Teve ontem lugar, na Biblioteca
Municipal, a sessão mensal do “Clube de Leitura” que se dedicou à análise e
discussão da obra "Aurora adormecida" de Eva Cruz.
As participantes tiveram a honra e o
prazer de contar com a presença da escritora, que forneceu muita informação
complementar acerca da obra e revelou muito sobre a investigação histórica que
teve de realizar para a sua criação, apresentando documentos e algumas preciosidades fotográficas da época.
Aurora, a mãe da autora e
personagem principal da obra, dizia muitas vezes que a sua "vida dava um
romance". E deu mesmo!
"Aurora adormecida" é uma biografia da
mãe da autora e uma verdadeira homenagem ao amor entre mães, filhos e netos.

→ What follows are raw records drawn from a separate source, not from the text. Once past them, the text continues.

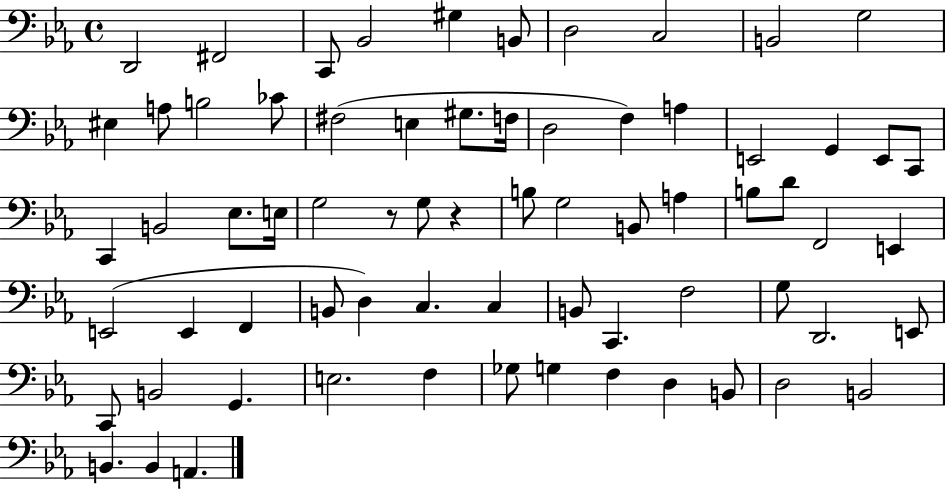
{
  \clef bass
  \time 4/4
  \defaultTimeSignature
  \key ees \major
  d,2 fis,2 | c,8 bes,2 gis4 b,8 | d2 c2 | b,2 g2 | \break eis4 a8 b2 ces'8 | fis2( e4 gis8. f16 | d2 f4) a4 | e,2 g,4 e,8 c,8 | \break c,4 b,2 ees8. e16 | g2 r8 g8 r4 | b8 g2 b,8 a4 | b8 d'8 f,2 e,4 | \break e,2( e,4 f,4 | b,8 d4) c4. c4 | b,8 c,4. f2 | g8 d,2. e,8 | \break c,8 b,2 g,4. | e2. f4 | ges8 g4 f4 d4 b,8 | d2 b,2 | \break b,4. b,4 a,4. | \bar "|."
}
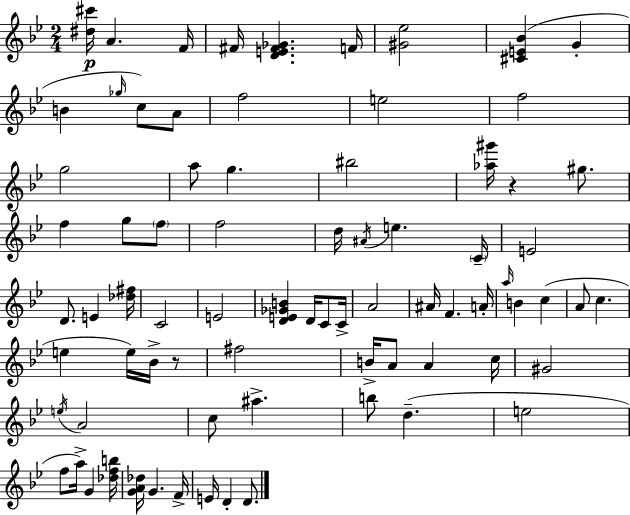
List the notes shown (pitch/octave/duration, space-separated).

[D#5,C#6]/s A4/q. F4/s F#4/s [D4,E4,F#4,Gb4]/q. F4/s [G#4,Eb5]/h [C#4,E4,Bb4]/q G4/q B4/q Gb5/s C5/e A4/e F5/h E5/h F5/h G5/h A5/e G5/q. BIS5/h [Ab5,G#6]/s R/q G#5/e. F5/q G5/e F5/e F5/h D5/s A#4/s E5/q. C4/s E4/h D4/e. E4/q [Db5,F#5]/s C4/h E4/h [D4,E4,Gb4,B4]/q D4/s C4/e C4/s A4/h A#4/s F4/q. A4/s A5/s B4/q C5/q A4/e C5/q. E5/q E5/s Bb4/s R/e F#5/h B4/s A4/e A4/q C5/s G#4/h E5/s A4/h C5/e A#5/q. B5/e D5/q. E5/h F5/e A5/s G4/q [Db5,F5,B5]/s [G4,A4,Db5]/s G4/q. F4/s E4/s D4/q D4/e.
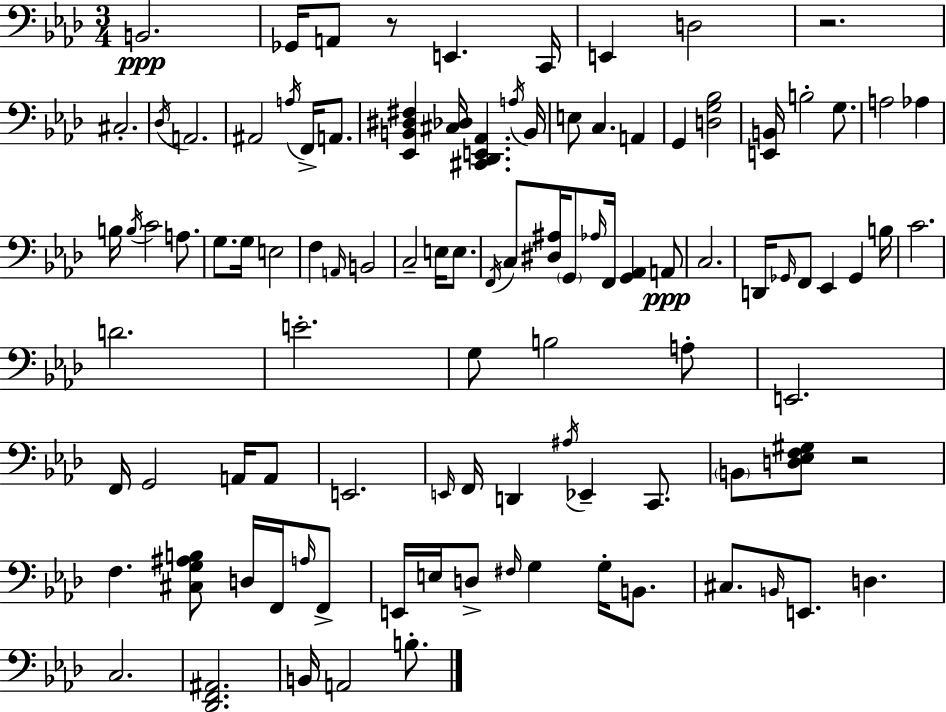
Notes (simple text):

B2/h. Gb2/s A2/e R/e E2/q. C2/s E2/q D3/h R/h. C#3/h. Db3/s A2/h. A#2/h A3/s F2/s A2/e. [Eb2,B2,D#3,F#3]/q [C#3,Db3]/s [C#2,Db2,E2,Ab2]/q. A3/s B2/s E3/e C3/q. A2/q G2/q [D3,G3,Bb3]/h [E2,B2]/s B3/h G3/e. A3/h Ab3/q B3/s B3/s C4/h A3/e. G3/e. G3/s E3/h F3/q A2/s B2/h C3/h E3/s E3/e. F2/s C3/e [D#3,A#3]/s G2/e Ab3/s F2/s [G2,Ab2]/q A2/e C3/h. D2/s Gb2/s F2/e Eb2/q Gb2/q B3/s C4/h. D4/h. E4/h. G3/e B3/h A3/e E2/h. F2/s G2/h A2/s A2/e E2/h. E2/s F2/s D2/q A#3/s Eb2/q C2/e. B2/e [D3,Eb3,F3,G#3]/e R/h F3/q. [C#3,G3,A#3,B3]/e D3/s F2/s A3/s F2/e E2/s E3/s D3/e F#3/s G3/q G3/s B2/e. C#3/e. B2/s E2/e. D3/q. C3/h. [Db2,F2,A#2]/h. B2/s A2/h B3/e.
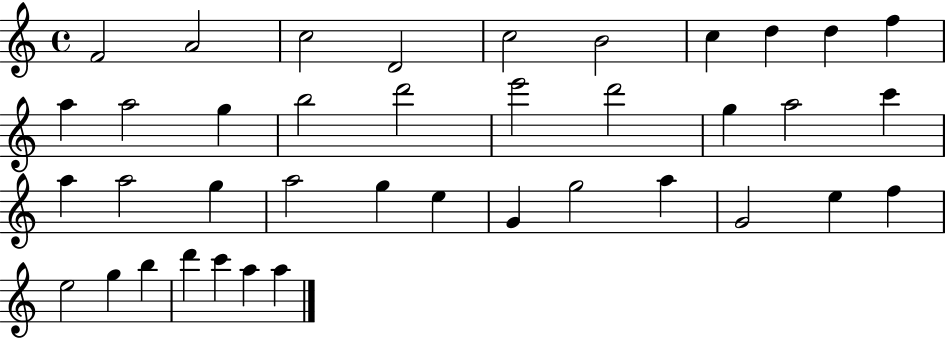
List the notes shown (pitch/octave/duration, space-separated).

F4/h A4/h C5/h D4/h C5/h B4/h C5/q D5/q D5/q F5/q A5/q A5/h G5/q B5/h D6/h E6/h D6/h G5/q A5/h C6/q A5/q A5/h G5/q A5/h G5/q E5/q G4/q G5/h A5/q G4/h E5/q F5/q E5/h G5/q B5/q D6/q C6/q A5/q A5/q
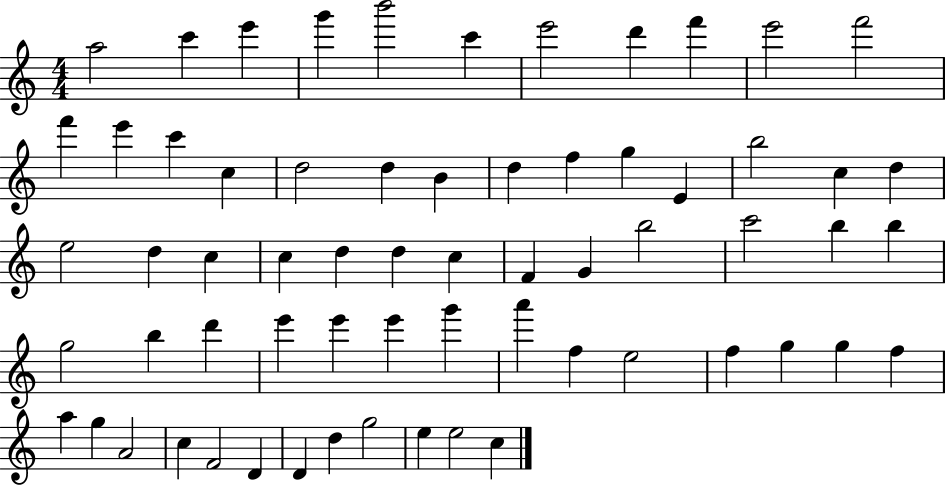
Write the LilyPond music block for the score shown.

{
  \clef treble
  \numericTimeSignature
  \time 4/4
  \key c \major
  a''2 c'''4 e'''4 | g'''4 b'''2 c'''4 | e'''2 d'''4 f'''4 | e'''2 f'''2 | \break f'''4 e'''4 c'''4 c''4 | d''2 d''4 b'4 | d''4 f''4 g''4 e'4 | b''2 c''4 d''4 | \break e''2 d''4 c''4 | c''4 d''4 d''4 c''4 | f'4 g'4 b''2 | c'''2 b''4 b''4 | \break g''2 b''4 d'''4 | e'''4 e'''4 e'''4 g'''4 | a'''4 f''4 e''2 | f''4 g''4 g''4 f''4 | \break a''4 g''4 a'2 | c''4 f'2 d'4 | d'4 d''4 g''2 | e''4 e''2 c''4 | \break \bar "|."
}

Uma das prefaciadoras, Carmina
Figueiredo, refere que "a
autora abriu o baú, relicários de histórias e de vida e, com os mesmos fios com
que tece um poema, urdiu uma bela história tão simples e tão comovente. É
filha, também é mãe, sabe o que é o amor, a entrega e a dádiva, é escritora e
tem um grande orgulho naquela sua mãe Aurora"
A esta obra, com apenas
128 páginas, "terrivelmente"
bem escrita e aparentemente, simples, não faltam os artifícios técnicos e literários tais
como diageses (narração com sequência cronológica), metadiegeses (inserção de narrativas secundárias dentro de uma narrativa principal), descrições e analepses (interrupção da narrativa cronológica para descrição de acontecimentos prévios), que nos revelam a mestria
da autora.
A escrita é "simples, fluida, intensa", por
vezes ousada, assertiva, emotiva, terna, tão bela, interessante e envolvente
que mais parece colocar-nos perante prosa poética.
Mas, para apresentar uma
apreciação da obra, nada melhor do que transcrever um artigo do Dr. Renato
Figueiredo publicado no jornal labor nº 702, de 27.07.2006, com o título “Um livro, um poeta”.
“É
rio de águas claras e tranquilas a passar mansamente, levando na corrente a
nostalgia da nascente. É cântico de admiração, respeito e amor, tecido em
estrofes de ternura, a carpir saudades que sente cedo virá a ter, o céu já
toldado por nuvens de ausência real que a presença física não esconde. É
esforço desesperado e inglório de fazer imortal alguém que se ama, mas que sabe
ir em breve morar em outras madrugadas, só permanecendo na sua memória e no seu
coração.
Postos
de lado preconceitos e frívolas conveniências sociais, decide, com ânimo e não
menor coragem, contar uma história. Vai escolher palavras singelas e promete
nada esconder ou amenizar, só a verdade ficará nas linhas que escrever.
A
história é real, é uma biografia. Tão fácil e tão difícil! Tão fácil pela
transparência da vida a descrever e pelos sorrisos que muitas passagens lhe
trazem aos lábios, tão difícil pela exigência de ser imparcial e neutra na
descrição, quando o sentir lhe pede deixar na sombra certos passos. Mas
difícil, sobretudo, pelas lágrimas que terá de reprimir tantas vezes, para que
a escrita não fique manchada de sofrimento.
Venturas
e desventuras, dores e alegrias vão surgindo. Afinal, uma biografia que
pareceria banal é crónica inteligente e lúcida de toda uma época, em que a
pessoa biografa enfrenta problemas de vária índole, humanos, sociais, políticos
e económicos, problemas que encara de frente, que questiona e resolve apenas
com a seriedade inata, o bom senso e a justeza de quem se posiciona na vida
tendo como lema obedecer somente à voz da sua consciência.
A
biografia é um terreno ingrato, dado que o biografo tem de ser totalmente
isento e desapaixonado, para não atraiçoar, ainda que involuntariamente, a
personalidade do biografado.
Em
Aurora Adormecida, pois é deste livro que falo, a sua autora, a Dr.ª Eva Cruz,
conseguiu, com excepcional mestria, ser biógrafa exemplar que nos revela, com
rigor e sem subterfúgios ou meias verdades, o retrato de corpo inteiro da
personalidade de sua mãe. Mas soube aliar, com raro engenho, a verdade ao amor
filial, de que resultou magnífico e exaltante poema de homenagem, tecido de
ternura, que é, por assim dizer, antecipado e comovido adeus a sua mãe. Ela, se
tal fosse possível, exigiria, na hora da partida, juntar esse poema às
recordações do mítico baú que a acompanhou em vida.”